Slightly busier schedules towards the end of September are not abnormal, in view of the up-coming exam period, says UM student psychologist Liesbeth Mouha. But the psychologists did not expect a sixfold increase of the waiting time (from three days to four weeks). “In comparison to last year, there now have been almost twice as many weekly registrations,” says Mouha.
Mouha thinks that this is not because there are more problems, but “students find their way us more easily, both for our group sessions and for individual appointments.” For that there has been an intensive advertising campaign last year, mainly through social media. The emphasis was in particular on the new group events they offered, consisting of lectures, workshops and training sessions.

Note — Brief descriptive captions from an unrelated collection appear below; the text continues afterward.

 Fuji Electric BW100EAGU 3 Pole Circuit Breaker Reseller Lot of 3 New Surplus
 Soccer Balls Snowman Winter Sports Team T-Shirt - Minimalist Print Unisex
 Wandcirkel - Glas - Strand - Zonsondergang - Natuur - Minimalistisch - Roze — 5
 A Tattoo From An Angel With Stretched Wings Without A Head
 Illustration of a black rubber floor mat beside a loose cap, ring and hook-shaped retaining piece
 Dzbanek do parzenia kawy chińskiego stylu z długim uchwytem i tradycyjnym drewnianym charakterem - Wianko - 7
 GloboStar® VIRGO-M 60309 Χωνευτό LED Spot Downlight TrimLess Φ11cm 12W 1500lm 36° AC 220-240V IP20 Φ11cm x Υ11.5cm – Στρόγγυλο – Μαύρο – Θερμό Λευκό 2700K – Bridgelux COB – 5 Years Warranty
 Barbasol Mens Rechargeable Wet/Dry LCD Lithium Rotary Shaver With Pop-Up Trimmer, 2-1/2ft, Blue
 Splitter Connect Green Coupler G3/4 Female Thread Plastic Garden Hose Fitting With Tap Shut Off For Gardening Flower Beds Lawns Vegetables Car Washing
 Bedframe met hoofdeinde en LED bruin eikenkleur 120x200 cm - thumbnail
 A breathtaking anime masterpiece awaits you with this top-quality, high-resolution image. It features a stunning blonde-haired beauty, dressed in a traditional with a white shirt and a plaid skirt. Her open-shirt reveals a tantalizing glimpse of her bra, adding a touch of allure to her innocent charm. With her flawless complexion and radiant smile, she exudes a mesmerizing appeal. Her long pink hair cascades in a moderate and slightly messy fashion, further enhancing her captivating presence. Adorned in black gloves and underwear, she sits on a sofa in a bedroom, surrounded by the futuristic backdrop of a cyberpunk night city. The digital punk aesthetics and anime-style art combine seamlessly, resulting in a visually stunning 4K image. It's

Would extra student psychologists be a solution? Student members of the University Council have been asking for this for years. Mouha doesn't think so. “Where would it end? In many cases, this concerns students with a lot of stress; they often benefit a great deal from a group workshop on stress management. We need to ensure that only those people who really need individual help, approach the student psychologists. Students often prefer to make an individual appointment, they find that easier. We are going to investigate how we can lower the threshold for the group sessions.”
To reduce waiting times permanently, more group sessions will be introduced “as quickly as possible”. In addition – in order to tackle waiting times in the short term – they will organise more intake interviews for the weeks to come. Lastly, the UM student psychologists are thinking of increasing the number of hours available for consultations without an appointment and using some of that time to schedule intake interviews.